How we cite our quotes: (Chapter.Section.Paragraph) or (Chapter.Paragraph)
Quote #1
The mysterious character of the commodity-form consists therefore simply in the fact that the commodity reflects the social characteristics of men's own labour as objective characteristics of the products of labour themselves, as the socio-natural properties of these things. Hence it also reflects the social relation of the producers to the sum total of labour as a social relation between objects, a relation which exists apart from and outside the producers. Through this substitution, the products of labour become commodities, sensuous things what are at the same time supra-sensible or social. (1.4.4)
This is Marx's view of commodity fetishism. A commodity takes on, like the added meaning invested in a fetishized object, the value of the labor that went into making it. A Dr. Pepper can is no longer just a can: it's a product for sale at such-and-such price, and as such, it represents something about the work that went into it versus the work that went into a Pepsi can at a different price. It's as if the commodity bears a magical reality.
Quote #2
In other words, the labour of the private individual manifests itself as an element of the total labour of society only through the relations which the act of exchange establishes between the products, and, through their mediation, between the producers. To the producers, therefore, the social relations between their private labour appear as what they are, i.e. they do not appear as direct social relations between persons in their work, but rather as material relations between persons and social relations between things. (1.4.6)
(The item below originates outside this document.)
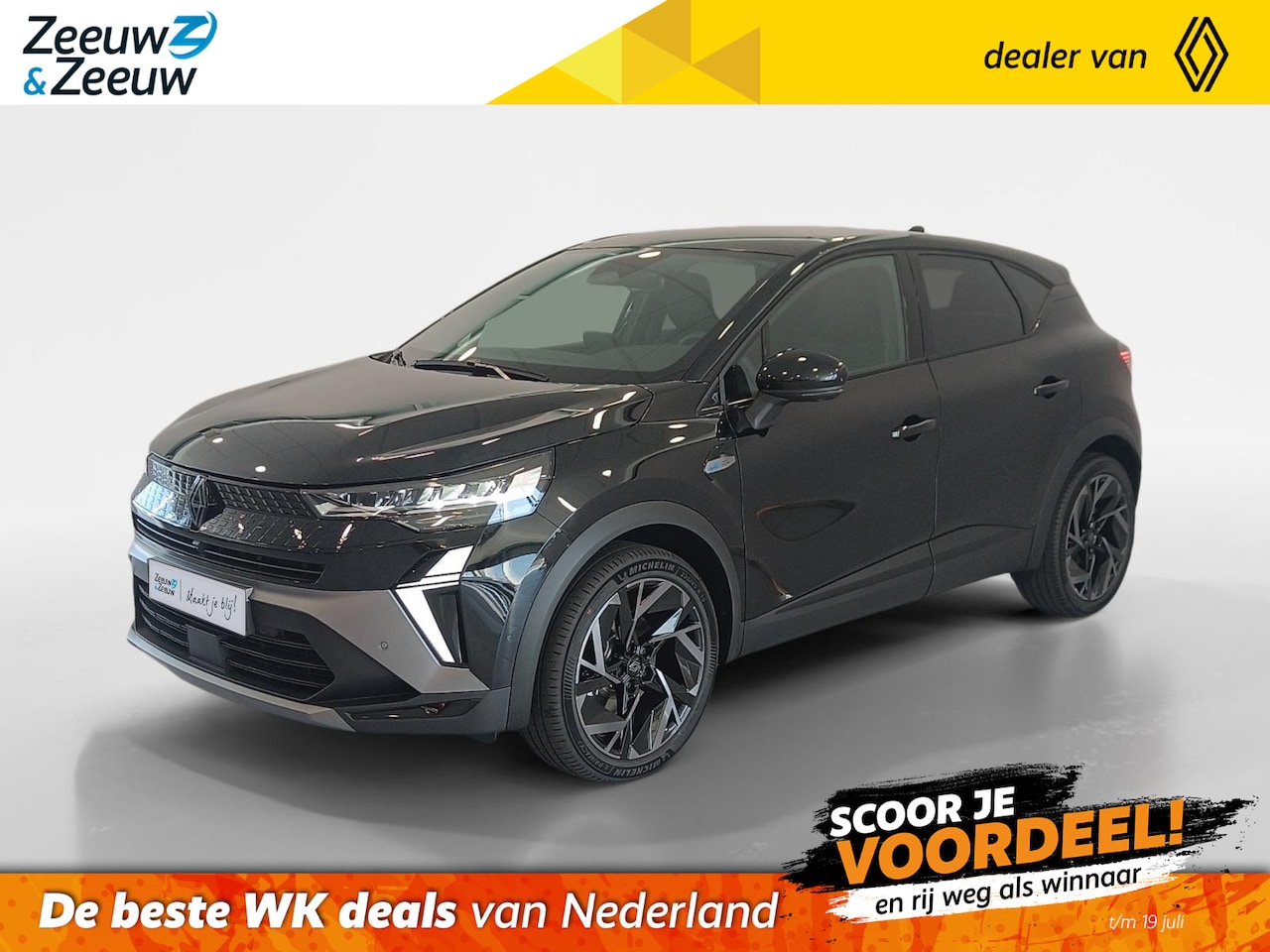 Renault Captur - 1.8 E-Tech full hybrid 160 esprit Alpine Uit voorraad leverbaar op = op - AutoWereld.nl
When you go into the supermarket and look at various commodities on the shelves, you see relationships between people (the various workers) manifested as objects for sale in competition with one another. You don't typically see the workers themselves.
Quote #3
Men do not therefore bring the products of their labour into relation with each other as values because they see these objects merely as the material integuments of homogeneous human labour. The reverse is true: by equating their different products to each other in exchange as values, they equate their different kinds of labour as human labour. They do this without being aware of it. Value, therefore, does not have its description branded on its forehead; it rather transforms every product of labour into a social hieroglyphic. Later on, men try to decipher the hieroglyphic, to get behind the secret of their own social product: for the characteristic which objects of utility have of being values is as much men's social product as is their language. The belated scientific discovery that the products of labour, in so far as they are values, are merely the material expressions of the human labour expended to produce them, marks an epoch in the history of mankind's development, but by no means banishes the semblance of objectivity possessed by the social characteristics of labor. (1.4.8)
When a shopper hands a cashier $15 of the money commodity in exchange for another commodity, say a package of paper towel rolls, the shopper generally doesn't think the commodities are tradable because they both represent labor time. That knowledge, the labor theory of value, is a secret hidden by commodity exchange. At least that's what Marx thinks.